How To Raise Taxes So The Wealthy Actually Pay

Ray Madoff explains how to close the capital-gains loophole, in her column, “Two Tricks To Raising Capital-Gains Taxes Fairly:”

From Warren Buffett’s secretary to Mitt Romney’s tax returns to the general uprising against the 1 percent, tax reform is on everybody’s radar. In the cross hairs is the preferential treatment for capital gains.

Profits from investments are taxed at a maximum rate of 15 percent, which is less than half the 35 percent maximum tax rate imposed on wages and other ordinary income. One can hardly open a newspaper or click on a blog without seeing a call to eliminate this special rate for capital gains to increase fairness and raise federal revenue.

To achieve true fairness and generate increased revenue, however, it is necessary to make two more changes — to allow capital-gains taxpayers to account for inflation and to close the loophole that allows wealthy Americans to avoid capital- gains taxes altogether by passing on assets at death.

Before elaborating, I’ll explain why it’s smart to eliminate the preferential tax rate for capital gains.
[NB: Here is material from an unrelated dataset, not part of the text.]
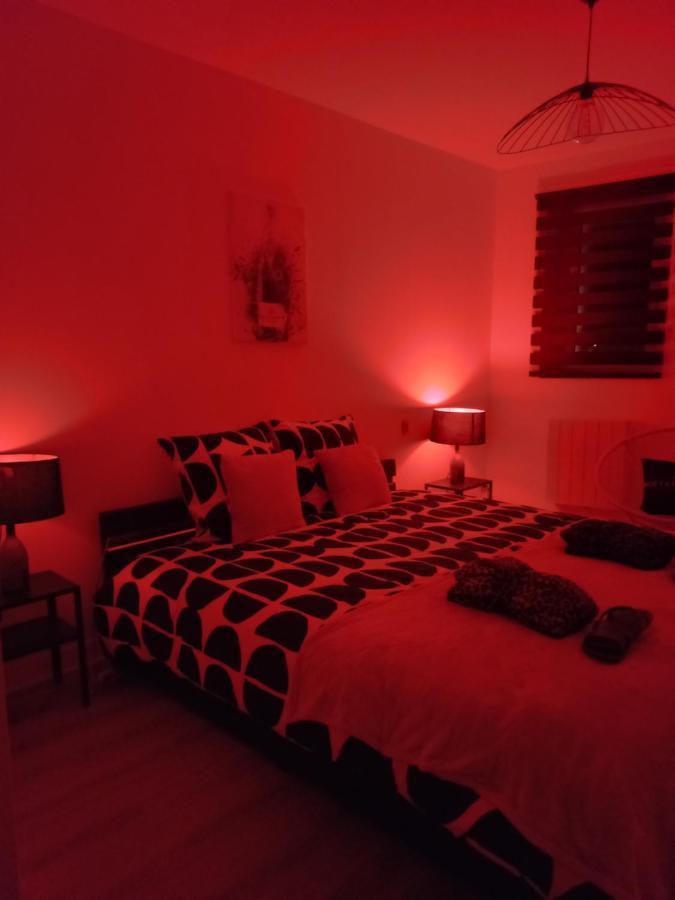Game Room Эперне Экстерьер фото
First, the lower rates cost the government a significant amount of revenue. In 2008, if capital gains had been taxed at 35 percent instead of 15 percent, the federal treasury would have received an additional $100 billion. (Capital gains were unusually low that year; in 2007, the increase would have been closer to $200 billion.) In the next five years, the capital- gains preference will cost the government more than $450 billion, according to estimates from Congress’s Joint Committee on Taxation.

Second, preferential treatment of capital gains disproportionately benefits the wealthy. In the past 20 years, more than 80 percent of capital gains have gone to the wealthiest 5 percent of Americans, and half have gone to the wealthiest 0.1 percent — that is, the richest 1/10th of the 1 percenters. Most Americans who own stock don’t benefit from the lower rate because they own their stock through retirement plans. When proceeds from these plans are distributed to the taxpayer, they are subject to tax at ordinary income rates.

Finally, the special capital-gains rate makes it difficult to simplify the tax code. Much of its complexity is due to the myriad rules that are meant to ensure that income is properly categorized as ordinary income or capital gains. Eliminate the rate differential, and the tax code could become far less complex.